The Institute for Public Policy Research has published a new report, Social (in)security: Reforming the UK’s social safety net.
The concept behind universal credit (UC) – that integrating working-age benefits would lead to a simpler, less bureaucratic system – was once supported by broad political consensus. However, the resulting policy and its implementation has alienated many, with universal credit’s misplaced attempt to mimic the workplace through a monthly assessment and payment that bears no relation to the way those on low incomes are paid, and an array of design features that seem designed to punish rather than support. For too many, it is a tightrope over poverty, not a social safety net. …
To read the report, click here.
Paul Spicker has published a review of the report.
A report from the IPPR is critical of Universal Credit. The report focuses on a series of features about UC which are causing problems. They include
- the five-week wait
- monthly payments
- the two-child rule
- the benefit cap
- the high taper rate
- the level of benefit
- joint payments
- sanctions and conditionality
- the management of ‘debt’ to the system.

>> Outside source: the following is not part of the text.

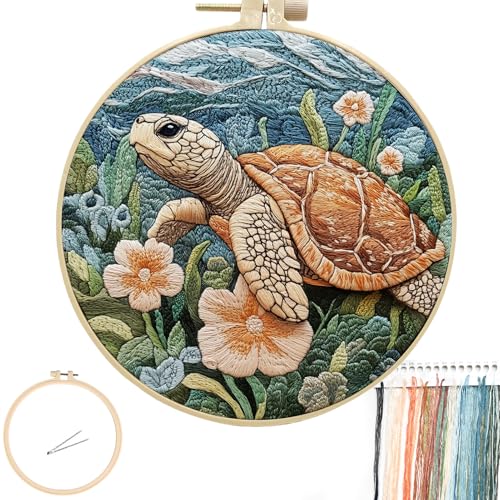 FONNUY Sea Turtle Floral Embroidery Kit Cross Stitch Kits for Beginners Handmade Crafts with Printed Patterns for Adults Easy to Follow Color Thread Needlework 8 Hoop Turtle and Flowers - Image 1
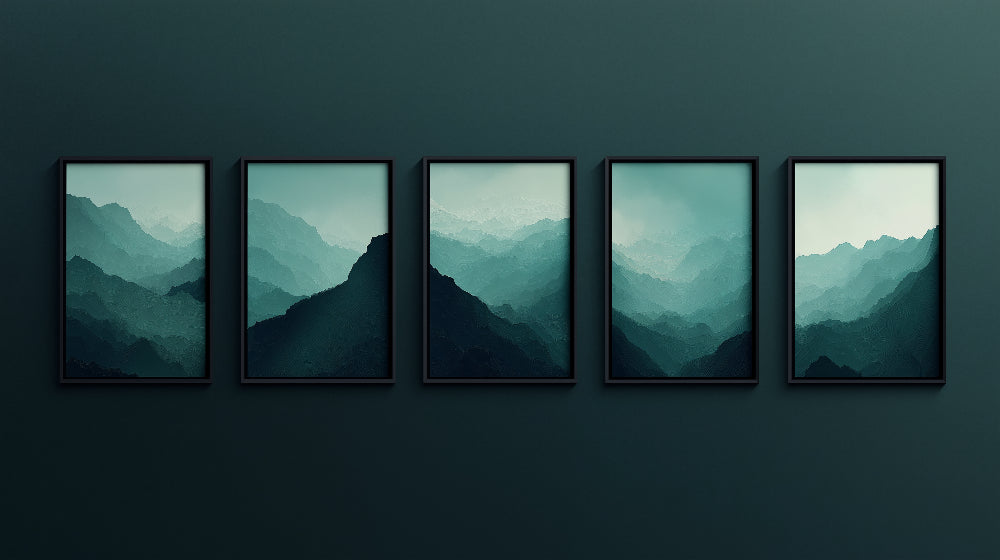 Mountain wallpaper design file showing seamless green gradient landscape pattern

What’s striking in this list is that only one of those features – monthly payments, linked to monthly assessments – is integral to the design of the benefit. All of the others have been tacked on, like decorations on a Xmas tree. But UC has other, built-in flaws – problems that exist because of what the benefit is. They include
- the attempt to lump disparate benefits together, with the effect that problems in one part can lead to catastrophic suspension of the whole
- the dismantling of the support system for Housing Benefits
- the unpredictable and fluctuating benefit entitlement, exacerbated by the idea that assessments relate to income now rather than historic income
- the very idea of a taper, which means that people cannot know when they become entitled to a benefit and when they cease to be entitled – a recurring problem with Housing Benefit and Tax Credits
- the obsession with entry or re-entry to work, when the vast majority of intended claimants will not be part of the labour market
- the implications of the ‘work allowance’, set too low to allow for continuous contact, and
- the idea that technology, rather than competent administration, can settle complex human problems.
The IPPR are right to complain that this is “a tightrope over poverty, not a social safety net”. But they don’t go anything like far enough.